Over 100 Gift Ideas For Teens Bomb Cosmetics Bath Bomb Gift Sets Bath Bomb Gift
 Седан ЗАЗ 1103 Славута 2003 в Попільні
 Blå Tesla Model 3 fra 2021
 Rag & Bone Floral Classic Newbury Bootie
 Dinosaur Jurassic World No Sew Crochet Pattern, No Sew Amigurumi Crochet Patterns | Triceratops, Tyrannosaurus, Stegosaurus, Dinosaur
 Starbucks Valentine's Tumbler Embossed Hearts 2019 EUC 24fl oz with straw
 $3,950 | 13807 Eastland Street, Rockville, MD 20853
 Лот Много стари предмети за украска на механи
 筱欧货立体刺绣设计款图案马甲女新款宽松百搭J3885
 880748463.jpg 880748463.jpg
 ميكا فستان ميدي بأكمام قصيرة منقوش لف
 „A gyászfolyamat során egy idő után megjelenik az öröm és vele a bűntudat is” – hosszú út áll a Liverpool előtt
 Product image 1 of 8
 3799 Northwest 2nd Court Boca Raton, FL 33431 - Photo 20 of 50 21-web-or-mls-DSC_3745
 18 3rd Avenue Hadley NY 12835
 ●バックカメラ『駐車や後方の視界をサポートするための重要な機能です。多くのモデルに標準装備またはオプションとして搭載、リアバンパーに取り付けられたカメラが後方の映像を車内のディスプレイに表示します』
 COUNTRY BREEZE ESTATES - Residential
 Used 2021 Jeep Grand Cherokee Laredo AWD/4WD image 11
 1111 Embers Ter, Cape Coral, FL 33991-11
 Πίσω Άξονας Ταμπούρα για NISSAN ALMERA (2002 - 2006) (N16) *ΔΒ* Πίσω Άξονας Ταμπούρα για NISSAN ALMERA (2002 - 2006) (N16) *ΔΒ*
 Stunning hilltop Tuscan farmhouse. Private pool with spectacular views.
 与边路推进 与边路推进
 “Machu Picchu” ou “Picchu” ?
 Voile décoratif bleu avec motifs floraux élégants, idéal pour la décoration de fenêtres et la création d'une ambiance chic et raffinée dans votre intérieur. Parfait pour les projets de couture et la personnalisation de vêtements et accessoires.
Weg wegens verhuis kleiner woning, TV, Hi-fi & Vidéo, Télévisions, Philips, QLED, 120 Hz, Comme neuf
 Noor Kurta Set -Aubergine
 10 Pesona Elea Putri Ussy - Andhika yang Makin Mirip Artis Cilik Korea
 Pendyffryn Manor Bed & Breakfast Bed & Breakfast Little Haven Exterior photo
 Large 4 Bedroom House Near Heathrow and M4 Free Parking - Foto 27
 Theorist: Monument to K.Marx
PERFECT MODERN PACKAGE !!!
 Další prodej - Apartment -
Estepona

+++++

Exercise details -
The line containing "Rag & Bone Floral Classic Newbury Bootie" marks where to begin; copy it and every later line exactly, through the end of the data.

Result -
 Rag & Bone Floral Classic Newbury Bootie
 Dinosaur Jurassic World No Sew Crochet Pattern, No Sew Amigurumi Crochet Patterns | Triceratops, Tyrannosaurus, Stegosaurus, Dinosaur
 Starbucks Valentine's Tumbler Embossed Hearts 2019 EUC 24fl oz with straw
 $3,950 | 13807 Eastland Street, Rockville, MD 20853
 Лот Много стари предмети за украска на механи
 筱欧货立体刺绣设计款图案马甲女新款宽松百搭J3885
 880748463.jpg 880748463.jpg
 ميكا فستان ميدي بأكمام قصيرة منقوش لف
 „A gyászfolyamat során egy idő után megjelenik az öröm és vele a bűntudat is” – hosszú út áll a Liverpool előtt
 Product image 1 of 8
 3799 Northwest 2nd Court Boca Raton, FL 33431 - Photo 20 of 50 21-web-or-mls-DSC_3745
 18 3rd Avenue Hadley NY 12835
 ●バックカメラ『駐車や後方の視界をサポートするための重要な機能です。多くのモデルに標準装備またはオプションとして搭載、リアバンパーに取り付けられたカメラが後方の映像を車内のディスプレイに表示します』
 COUNTRY BREEZE ESTATES - Residential
 Used 2021 Jeep Grand Cherokee Laredo AWD/4WD image 11
 1111 Embers Ter, Cape Coral, FL 33991-11
 Πίσω Άξονας Ταμπούρα για NISSAN ALMERA (2002 - 2006) (N16) *ΔΒ* Πίσω Άξονας Ταμπούρα για NISSAN ALMERA (2002 - 2006) (N16) *ΔΒ*
 Stunning hilltop Tuscan farmhouse. Private pool with spectacular views.
 与边路推进 与边路推进
 “Machu Picchu” ou “Picchu” ?
 Voile décoratif bleu avec motifs floraux élégants, idéal pour la décoration de fenêtres et la création d'une ambiance chic et raffinée dans votre intérieur. Parfait pour les projets de couture et la personnalisation de vêtements et accessoires.
Weg wegens verhuis kleiner woning, TV, Hi-fi & Vidéo, Télévisions, Philips, QLED, 120 Hz, Comme neuf
 Noor Kurta Set -Aubergine
 10 Pesona Elea Putri Ussy - Andhika yang Makin Mirip Artis Cilik Korea
 Pendyffryn Manor Bed & Breakfast Bed & Breakfast Little Haven Exterior photo
 Large 4 Bedroom House Near Heathrow and M4 Free Parking - Foto 27
 Theorist: Monument to K.Marx
PERFECT MODERN PACKAGE !!!
 Další prodej - Apartment -
Estepona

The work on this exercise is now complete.